** Opening Records provided block **

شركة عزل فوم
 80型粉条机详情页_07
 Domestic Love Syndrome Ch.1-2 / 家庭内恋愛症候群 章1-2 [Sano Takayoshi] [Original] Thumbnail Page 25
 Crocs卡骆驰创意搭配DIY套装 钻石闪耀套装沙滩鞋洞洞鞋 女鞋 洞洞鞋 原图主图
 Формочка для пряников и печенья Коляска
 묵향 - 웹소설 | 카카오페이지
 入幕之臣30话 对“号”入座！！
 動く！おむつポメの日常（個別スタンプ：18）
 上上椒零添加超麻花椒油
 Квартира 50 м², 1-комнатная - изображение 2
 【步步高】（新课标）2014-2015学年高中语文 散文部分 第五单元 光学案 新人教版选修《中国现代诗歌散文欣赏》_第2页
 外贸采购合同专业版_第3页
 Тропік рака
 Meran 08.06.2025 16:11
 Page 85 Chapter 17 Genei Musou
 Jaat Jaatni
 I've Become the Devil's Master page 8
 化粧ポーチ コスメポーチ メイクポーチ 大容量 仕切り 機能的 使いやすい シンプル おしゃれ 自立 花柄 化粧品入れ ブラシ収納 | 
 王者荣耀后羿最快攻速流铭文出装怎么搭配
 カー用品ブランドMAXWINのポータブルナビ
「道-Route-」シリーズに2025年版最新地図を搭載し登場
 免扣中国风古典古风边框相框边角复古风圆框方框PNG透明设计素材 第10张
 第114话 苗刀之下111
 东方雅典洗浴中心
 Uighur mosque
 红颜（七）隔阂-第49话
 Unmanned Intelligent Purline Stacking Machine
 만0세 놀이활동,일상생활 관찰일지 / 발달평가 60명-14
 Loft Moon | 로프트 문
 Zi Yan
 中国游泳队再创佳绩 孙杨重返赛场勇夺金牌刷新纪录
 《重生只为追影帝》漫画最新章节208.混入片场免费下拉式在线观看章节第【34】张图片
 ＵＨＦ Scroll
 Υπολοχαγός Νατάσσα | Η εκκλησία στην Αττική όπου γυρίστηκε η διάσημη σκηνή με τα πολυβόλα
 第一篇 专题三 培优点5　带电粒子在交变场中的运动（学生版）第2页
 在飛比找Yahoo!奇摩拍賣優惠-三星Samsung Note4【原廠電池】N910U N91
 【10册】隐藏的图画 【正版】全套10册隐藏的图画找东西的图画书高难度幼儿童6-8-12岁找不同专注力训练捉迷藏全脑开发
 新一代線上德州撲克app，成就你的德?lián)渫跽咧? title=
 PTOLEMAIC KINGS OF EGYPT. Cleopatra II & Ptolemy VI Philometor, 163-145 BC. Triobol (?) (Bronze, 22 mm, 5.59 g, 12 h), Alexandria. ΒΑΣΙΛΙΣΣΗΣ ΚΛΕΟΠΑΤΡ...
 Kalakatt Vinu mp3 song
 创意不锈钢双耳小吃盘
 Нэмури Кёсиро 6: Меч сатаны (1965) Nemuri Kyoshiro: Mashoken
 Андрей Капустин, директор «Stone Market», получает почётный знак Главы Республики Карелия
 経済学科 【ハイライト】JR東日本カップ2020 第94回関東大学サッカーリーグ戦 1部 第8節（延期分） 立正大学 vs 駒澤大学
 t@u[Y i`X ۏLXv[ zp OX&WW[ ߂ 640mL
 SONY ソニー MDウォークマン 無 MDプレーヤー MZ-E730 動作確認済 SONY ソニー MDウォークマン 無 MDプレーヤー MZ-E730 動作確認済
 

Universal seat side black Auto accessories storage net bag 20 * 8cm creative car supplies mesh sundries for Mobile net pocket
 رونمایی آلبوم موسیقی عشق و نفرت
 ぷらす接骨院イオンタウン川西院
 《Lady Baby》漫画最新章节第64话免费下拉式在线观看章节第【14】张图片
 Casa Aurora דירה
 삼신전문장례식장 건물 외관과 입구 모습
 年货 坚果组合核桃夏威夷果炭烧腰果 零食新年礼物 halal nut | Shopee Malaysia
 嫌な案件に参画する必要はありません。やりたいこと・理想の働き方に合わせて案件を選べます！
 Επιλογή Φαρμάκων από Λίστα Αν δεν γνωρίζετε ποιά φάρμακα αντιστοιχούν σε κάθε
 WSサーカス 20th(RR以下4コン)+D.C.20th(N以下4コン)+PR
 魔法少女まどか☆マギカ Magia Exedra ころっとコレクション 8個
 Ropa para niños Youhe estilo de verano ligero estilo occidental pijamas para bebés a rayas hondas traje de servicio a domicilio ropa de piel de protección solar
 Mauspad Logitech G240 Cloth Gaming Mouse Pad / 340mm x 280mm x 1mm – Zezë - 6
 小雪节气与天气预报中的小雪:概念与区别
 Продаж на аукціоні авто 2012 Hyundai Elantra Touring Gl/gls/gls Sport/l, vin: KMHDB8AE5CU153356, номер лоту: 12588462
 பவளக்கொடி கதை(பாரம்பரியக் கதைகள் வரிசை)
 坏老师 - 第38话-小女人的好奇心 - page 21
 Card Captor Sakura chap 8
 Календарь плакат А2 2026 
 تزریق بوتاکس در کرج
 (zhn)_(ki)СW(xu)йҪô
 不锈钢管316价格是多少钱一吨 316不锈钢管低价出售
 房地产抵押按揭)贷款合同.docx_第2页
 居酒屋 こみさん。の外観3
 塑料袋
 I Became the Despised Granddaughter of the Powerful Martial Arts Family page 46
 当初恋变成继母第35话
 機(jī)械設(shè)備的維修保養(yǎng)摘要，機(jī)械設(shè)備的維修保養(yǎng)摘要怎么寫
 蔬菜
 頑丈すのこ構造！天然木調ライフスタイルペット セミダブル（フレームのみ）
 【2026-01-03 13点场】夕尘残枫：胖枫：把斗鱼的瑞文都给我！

** Closing Records provided block **

#### What you need to do:
Keep to the lines from the one containing "Card Captor Sakura chap 8" to the end of the entries above, and retype them exactly.

#### Result of this task:
 Card Captor Sakura chap 8
 Календарь плакат А2 2026 
 تزریق بوتاکس در کرج
 (zhn)_(ki)СW(xu)йҪô
 不锈钢管316价格是多少钱一吨 316不锈钢管低价出售
 房地产抵押按揭)贷款合同.docx_第2页
 居酒屋 こみさん。の外観3
 塑料袋
 I Became the Despised Granddaughter of the Powerful Martial Arts Family page 46
 当初恋变成继母第35话
 機(jī)械設(shè)備的維修保養(yǎng)摘要，機(jī)械設(shè)備的維修保養(yǎng)摘要怎么寫
 蔬菜
 頑丈すのこ構造！天然木調ライフスタイルペット セミダブル（フレームのみ）
 【2026-01-03 13点场】夕尘残枫：胖枫：把斗鱼的瑞文都给我！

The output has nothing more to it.